Pertanto, chiunque manchi di fantasie utopiche non fa che rigettare le sue frustrazioni cercando di disfare il mondo in cui vive e di cui è inconsciamente deluso. Con “chiunque” vogliamo intendere una certa categoria di subumani come Netanyahu, Trump, Putin, e tutta la marmaglia che ne segue.
Il bisogno di utopizzare non può però distrarci dalle contingenze del presente. Spesso, infatti, tendiamo a dimenticare che ciò che sta accadendo a Gaza- per usare un esempio tra i tantissimi abominevoli conflitti in corso- non è un evento estraneo a noi, non sta succedendo in un “non-luogo”. A soffrire e a subire un genocidio – non dobbiamo aver timore di chiamare le cose con il loro nome- è un popolo reale, che non merita la nostra indifferenza. Occorre mantenere sempre vivo il contatto con le contingenze del nostro tempo, occorre rimanere nel “qui ed ora” senza annullare in un sogno utopico la realtà- soprattutto quando siamo in vacanza, e cioè quando tutto ciò che sta oltre il nostro ombrellone sbiadisce e diventa diafano.
Proprio con l’obiettivo di consolidare l’appiglio col mondo circostante, ci siamo cimentati, più che in qualsiasi altro mensile, in numerose interviste e riflessioni sulle problematiche della nostra generazione.
A tal proposito, le generazioni più giovani vengono accusate di essere bruciate da un uso sconsiderato dei social e della tecnologia.
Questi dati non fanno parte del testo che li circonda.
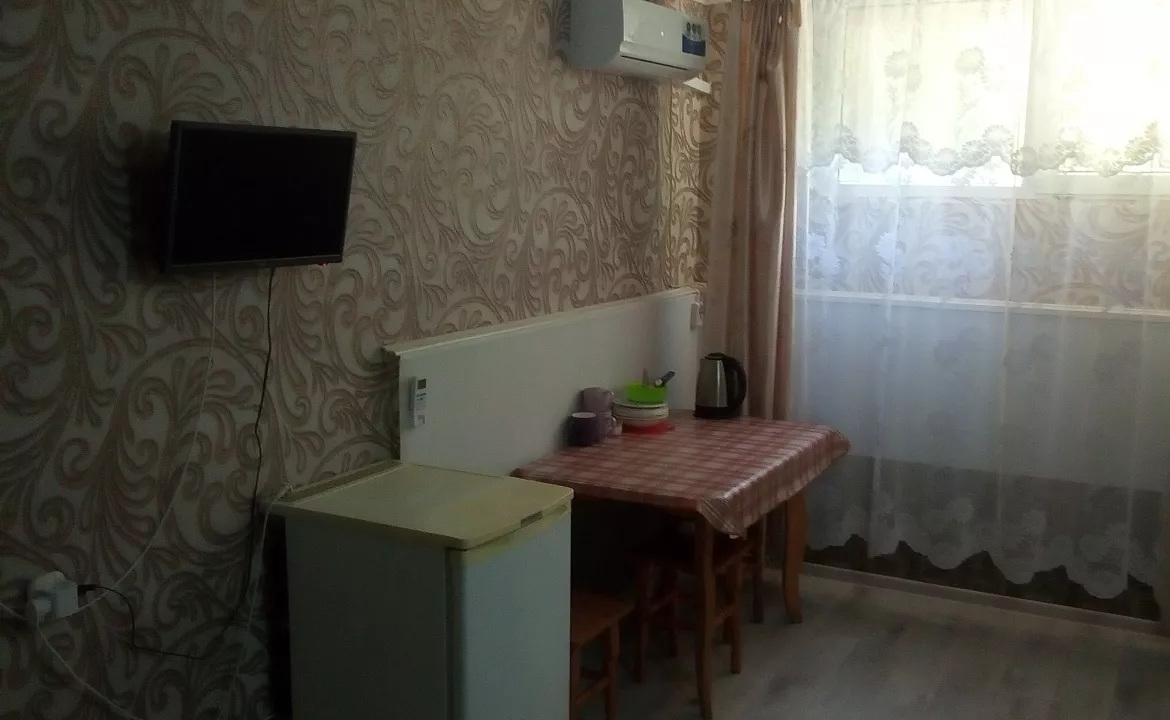 Комната №1. Таунхаус "На Кольцевой". Лазаревское Комната №1. Таунхаус "На Кольцевой". Лазаревское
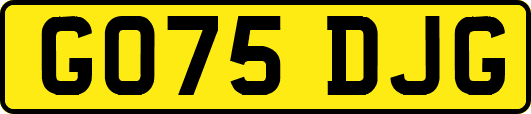 GO75DJG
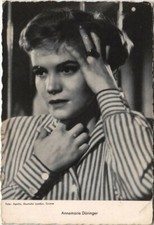CPA AK Annemarie Düringer FILM STAR (39758)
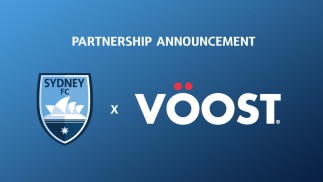 Sydney FC Welcomes VÖOST As 2026-27 A-Leagues Partner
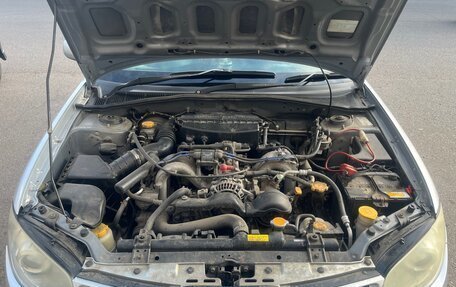 Subaru Impreza III, 2007 год, 550 000 рублей, 14 фотография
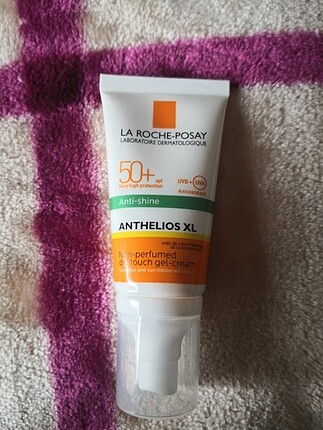 La roche posay güneş kremi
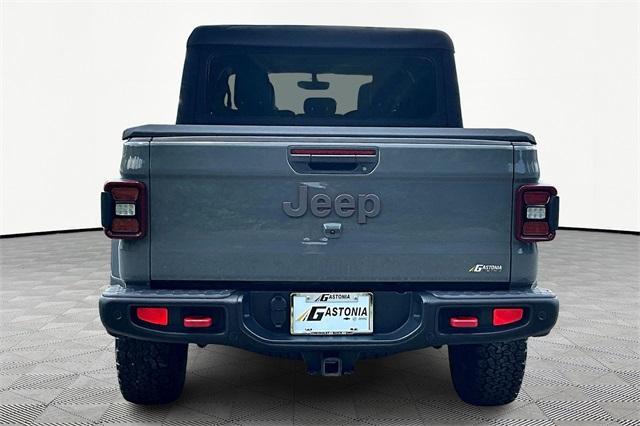 used 2020 Jeep Gladiator car, priced at $36,063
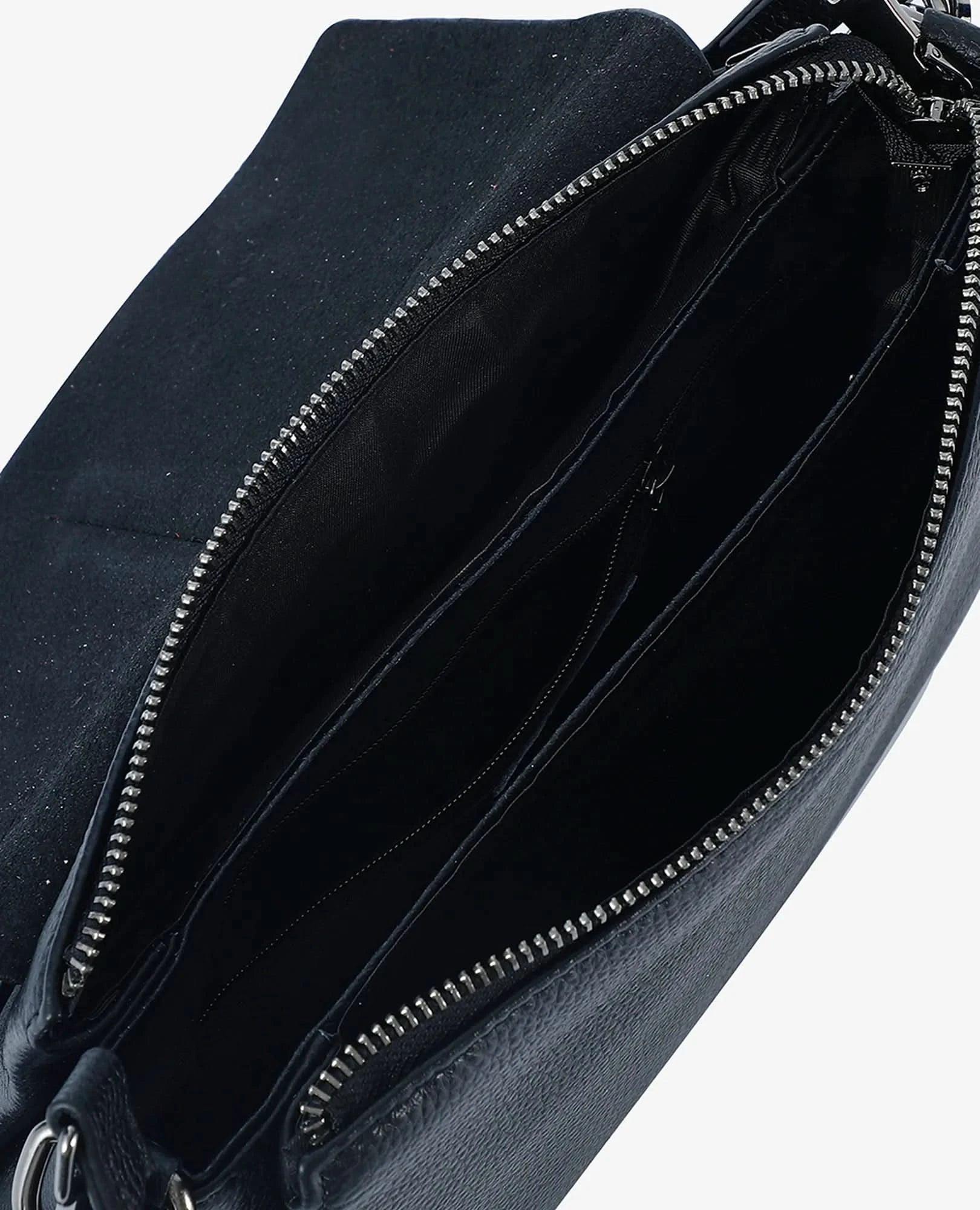 תיק צד מעור לנשים - דגם גלורי - B Unique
L’emblema di questo “decadimento generazionale” è generalmente riconosciuto nei memes idioti che girano sul web, ultimamente esemplificato nei cosiddetti “brainrot”. Malgrado il nome con cui questi memes sono conosciuti alluda ad una sorta di decomposizione cerebrale, denotando già un giudizio negativo, non possiamo negare che essi rappresentino una forma di utopia ipermoderna, creata con lo scopo di divertirci e di farci evadere ironizzando vari aspetti del mondo fattuale. Lungi da noi muovere un’apologia ai brainrot, ci preme tuttavia sottolineare che non bisogna demonizzare a priori tutto ciò che è nuovo e connesso alle nuove frontiere dell’intelligenza artificiale: esse sono lo specchio della società, nonché il riflesso dei nostri bisogni di utopia, che evolvono da epoca a epoca e da generazione a generazione. Questa continua evoluzione del modo di concepire l’utopia, destinata ogni volta ad essere esecrata dalla generazione precedente, non rappresenta un decadimento morale e intellettivo, non è una disgregazione dei valori, ma un semplice mutamento del rapporto tra realtà e immaginazione, tra mondo e utopia.
Per fare un esempio, non troppo tempo fa, quando cominciarono a comparire i primi fantasy moderni, gli autori dediti a tali mondi immaginifici furono relegati ad un genere di bassa lega, ad una sorta di paraletteratura. Eppure, Tolkien, G. R.R. Martin, Leigh Bardugo, Rebecca Yarros- e si potrebbe continuare l’elenco per pagine intere-, sono ora guardati con profondo rispetto, proprio in virtù della popolarità che hanno acquisito. I mondi e i personaggi che hanno plasmato sono diventati il ritratto in cui la contemporaneità voleva essere incorniciata. Ogni nuova utopia ha pertanto la stessa dignità della precedente, in ragione del fatto che solo la vis imaginis, qualunque forma assuma, fornisce gli strumenti in vista del progresso- che sia esso tecnologico, sociale, morale o economico.
È solo partendo dall’impossibile che si può giungere ad uno sviluppo umano possibile.
Che cos’è l’umanità senza utopia?
Avremmo forse mosso il nostro primo passo sulla luna, se prima non avessimo immaginato Astolfo intento a recuperare lassù la ragione di Orlando? Avremmo mai ambito a un’impresa tanto grande, se Cyrano de Bergerac non avesse destato la curiosità, descrivendo il nostro satellite come un luogo ricco di meraviglie, popolato da strani abitanti e dominato da leggi fisiche stravaganti?
E dunque rimaniamo legati al presente, pur mantenendoci in movimento verso un Utopia pronta a divenire eutopia!